The challenges he faced when he arrived at the club weren't unique to Chelsea's dressing room. They're not even unique to professional football clubs. To walk into a room with gifted, successful and egocentric colleagues, all of whom are looking to cast judgement on your every comment and decision, is a daunting task. Knowing that any hint of a weakness will be seized upon, and any sign of insecurity will be used against you, places extraordinary pressure on an already difficult task. But of any dressing room in the UK, it would appear this is particularly the case in Chelsea's.
Successive managers in recent years have had to deal with the power struggle which admittedly exists at every club, but handling the personalities of this particular group of players has been cited time and again as the most significant aspect of the job. If the opinions of some have been sought and valued in the past by the owner, as reports have suggested, the opportunity to absolve themselves of their own responsibilities is always available to the players.
Repeated failure in Europe has led to the departure of his predecessors, for success in the Champions League has eluded Roman Abramovich at every attempt. The players never appear to be as accountable. If that is the case these days, Villas-Boas is a lot weaker than he thinks. It is all too easy to refer to the authority of Alex Ferguson at Manchester United as the template for success, but his own assertion that a manager must be the most important figure at any club has never quite washed at Chelsea. Certainly not since Abramovich has been there. After every Champions League exit, the suitability of the manager has been the focus of public debate. The role of the players doesn't seem to receive the same level of public scrutiny, and that situation has survived to this day.
If that attitude exists within the club, chances of sustaining a challenge in the short or medium term seem unlikely. Despite some very poor individual performances of late, it seems the system adopted by the manager is to blame.
When he was appointed, Villas-Boas was heralded as the up-and-coming manager of his generation having achieved remarkable success at Porto at a very young age. On the back of recent poor results, his age and inexperience are now being used against him. It was never going to be any other way.
Whether he survives if Chelsea are eliminated from the Champions League on Tuesday night remains to be seen, but removing him after such a short time in the job would be absurd. Even discussing the prospect seems ridiculous, but the owner's reputation suggests it's not entirely out of the question.
Having acquired him at a cost of €13m from Porto, sacking him after only five months would require a pay-off in the region of €16m. Any reasonable analysis would conclude the figures would rule it out, but with Roman Abramovich that logic doesn't apply.

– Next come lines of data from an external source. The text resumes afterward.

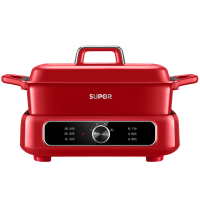 苏泊尔(SUPOR)电火锅 家用多功能锅 电煮锅电蒸锅火锅 多用途烤肉锅 不粘火锅料理锅电热锅 H3423FK863A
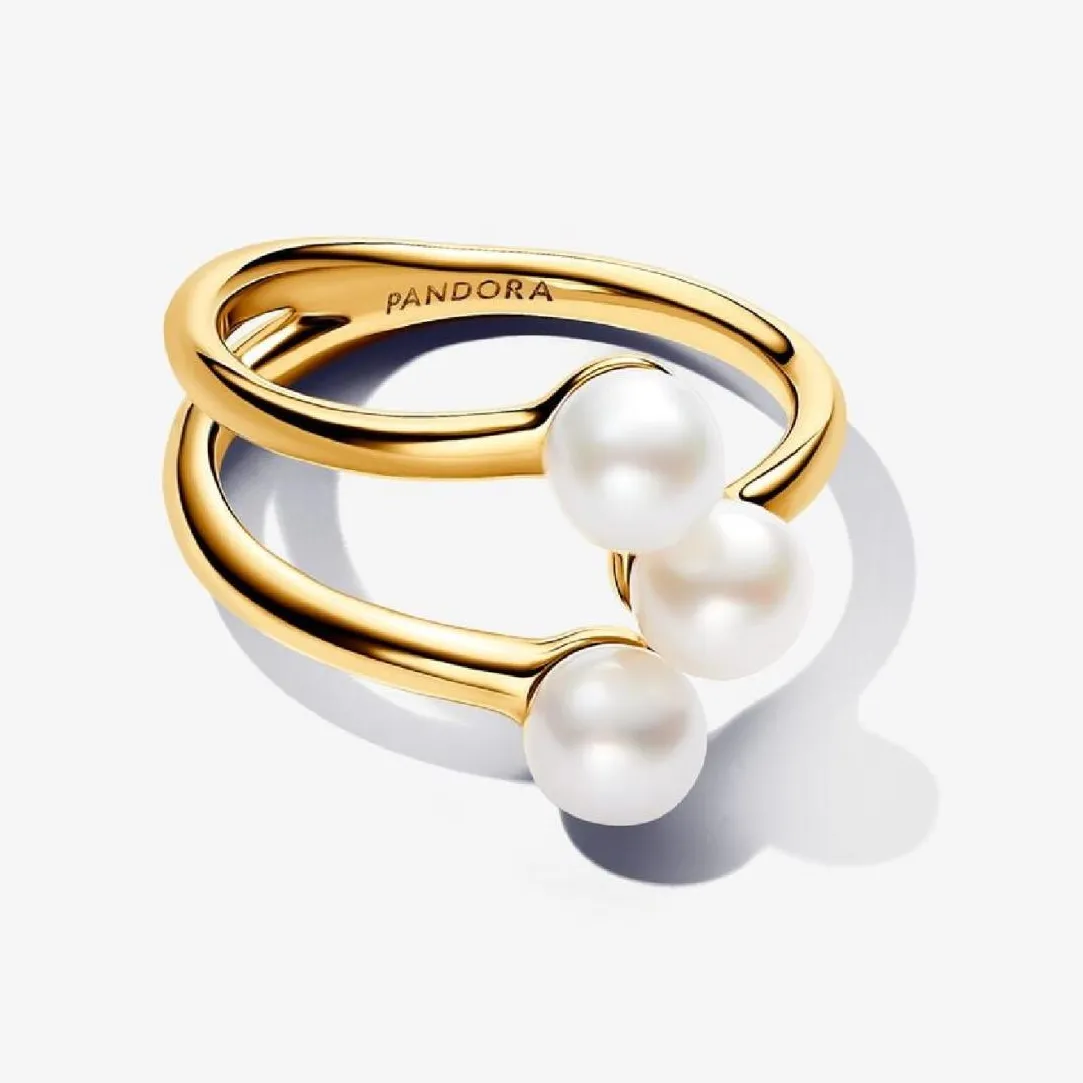 Pandora Bague Ouverte Perles de Culture | Femme Bague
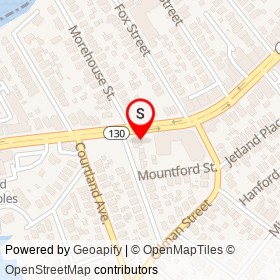 Deparle Motors on Fairfield Avenue, Bridgeport Connecticut - location map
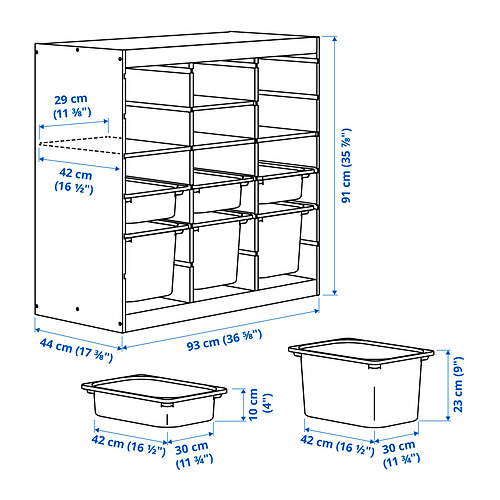 TROFAST Measurement Illustration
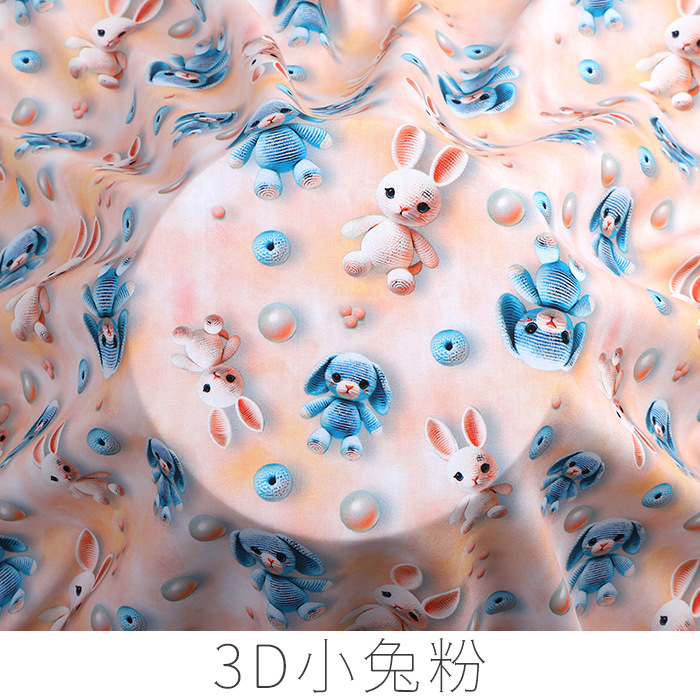 3D kelinci merah muda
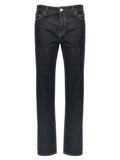 TOTEME Blue Cotton Tapered Jeans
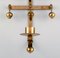 Sweden Brass Wall Candlestick from Kee Mora, Image 4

The significance of Tuesday's result is obvious, but the greater challenge facing Chelsea is away from the field of play. As long as the manager feels he needs to win over the players to remain in charge, the likelihood is he won't last very long. If Abramovich really does want to succeed, patience and loyalty need to be shown to the man he appointed on a three-year deal only five months ago. Neither are qualities associated with him to date, nor is success in the Champions League for that matter. There may well be a link between the two.